#### WORK TASK
Excerpt from the entries below: please repeat exactly the lines from the one containing "Samsung Galaxy S10" through the last one, both ends included, with no pictures.

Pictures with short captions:
○ ○ ○ ○

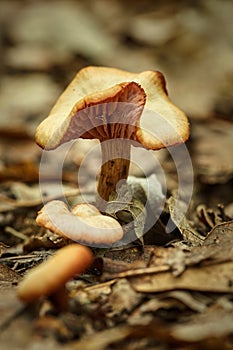 The deceiver Laccaria laccata photo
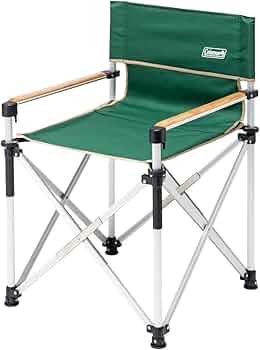 61iL1KRAuwL._AC_UF350,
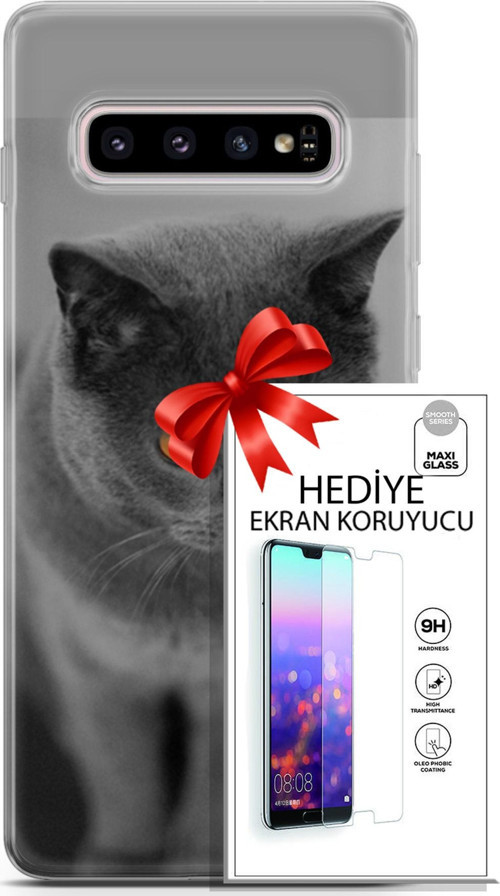 Samsung Galaxy S10 Plus Kılıf Orijinal Seri Scotish-British 04 Turuncu Göz Silikon Kılıf + Ekran Koruyucu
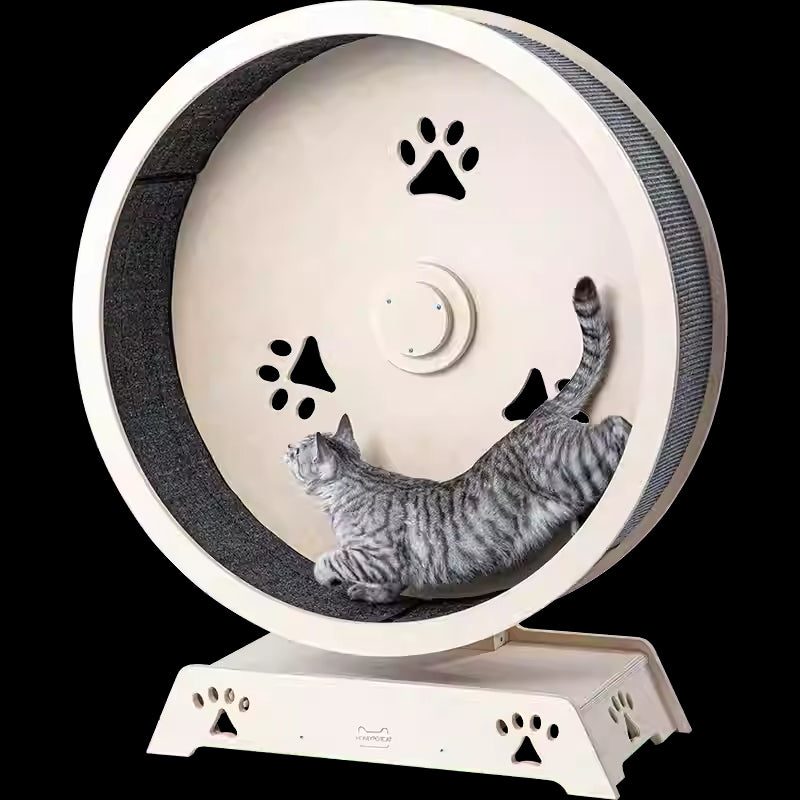 Cat Treadmill – Interactive Exercise Wheel for Indoor Cats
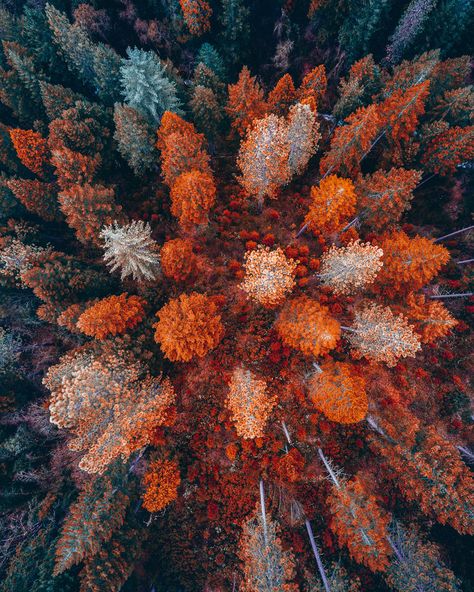 Aerial View, Green Leaves, Trees, Orange, Green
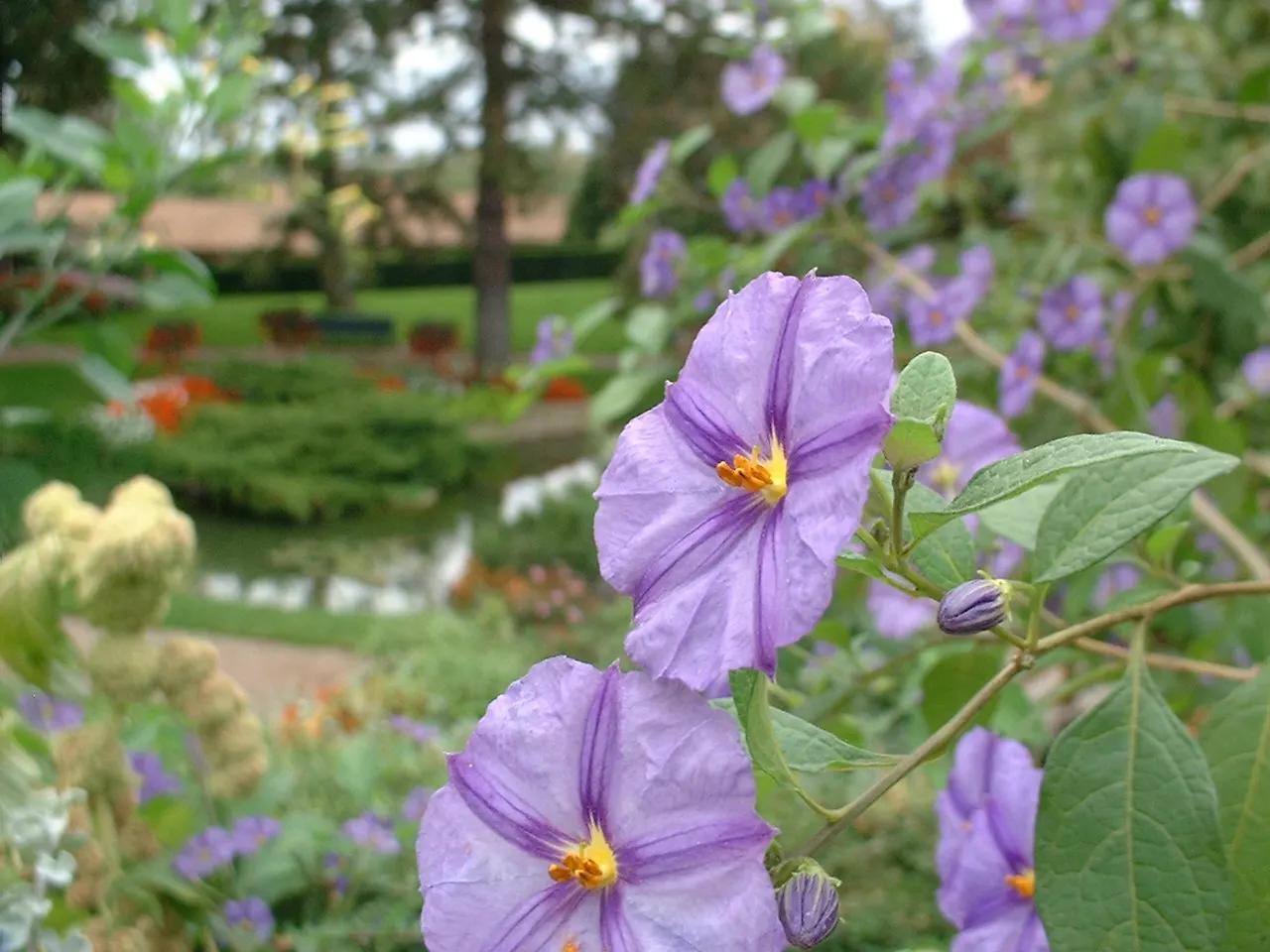 Blue Potato Bush (Lycianthes Rantonnetii) — shrub / vine for full or half; the Blue Potato Bush will be a resplendent addition to your client's garden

○ ○ ○ ○

#### ANSWER TO THIS EXERCISE
 Samsung Galaxy S10 Plus Kılıf Orijinal Seri Scotish-British 04 Turuncu Göz Silikon Kılıf + Ekran Koruyucu
 Cat Treadmill – Interactive Exercise Wheel for Indoor Cats
 Aerial View, Green Leaves, Trees, Orange, Green
 Blue Potato Bush (Lycianthes Rantonnetii) — shrub / vine for full or half; the Blue Potato Bush will be a resplendent addition to your client's garden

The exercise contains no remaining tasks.